As an artist I stage fictions about the future  addressing environmental concerns, and sensing a dystopic scenery.  I also look at contemporary architecture with nostalgia, with Ruinenlust. Looking at urban landscapes, well-known buildings or districts as if they were really old leftovers from an ancient civilisation called human beings gives me the key to a new way of thinking and imagining.

My artistic practice provides a new possibility or a tool to shift the discourse into other dimensions like creating or staging an experience and atmosphere in an exhibition space. Messing up the timescale and layering meanings is my conceptual method of worlding.

Combining new and old – using or seeing old with a new look or looking at the contemporary as something ancient-  reflects also in the art media I am working with.

Sound installation "Drown Art Hall Tallinn". Composed by Juhan Vihterpal. 2019.

Fragments of drawing animation for "Dystopic Saint John Church". 2018.

Formally, I am constantly cross-breeding older crafts and newer techniques and technologies, deconstructing the hierarchies in art, redefining the artfields by hybrizations and extensions.

What if drawing or printmaking mates three-dimensional animation experienced as an orchestrated community, layered on top of each other, as a dream?

How would a hand-drawn line or printed furrow be seen or touched in a virtual space?

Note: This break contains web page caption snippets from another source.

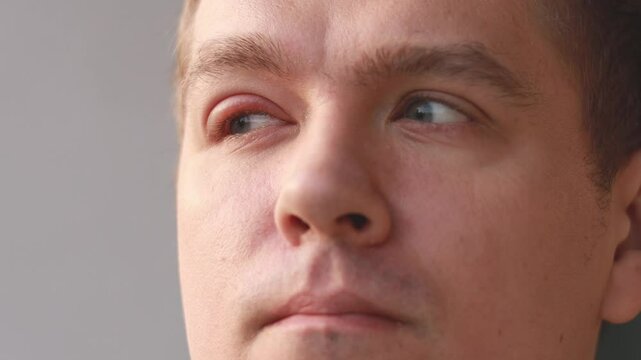Stye eye, barley eye,  chalazion eye, infection on eye on male face. 4k, high-quality video 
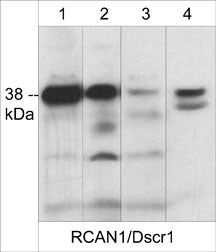 Western blot analysis of RCAN1 expression in human Jurkat (lane 1), rat PC12 (lane 2), human A431 (lane 3), and adult mouse muscle (lane 4). The blot was probed with rabbit polyclonal anti-RCAN1 (C-terminus) at 1:1000.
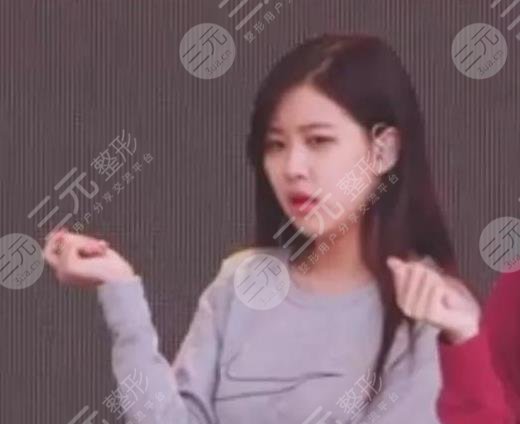 BLACKPINK樸彩英(Rosé)整容了?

A fresh and unknown territory could be discovered when combining traditional, handmade, very tactile material art such as a pencil or charcoal drawing, or an etching with augmented, postphysical media. Depicting also old and new objects, or imagining new as very old reflects in the materials used. Layering and extending media gives a fresh new perspective to the dystopic scenery. Asking the “what if” question echoes in the extension of drawing – “What happens if a drawing becomes animated? What if a drawing becomes a print, becomes an animation, becomes a three dimensional virtual reality?”

I think like a printmaker, thinking in layers, adding conceptual and technical layers. I also write in layers – a story through another story through another story. New realities, new ways of seeing and being occur.

Animation layer projected on hybrid drawing "Dystopic Saint John Church". 2018.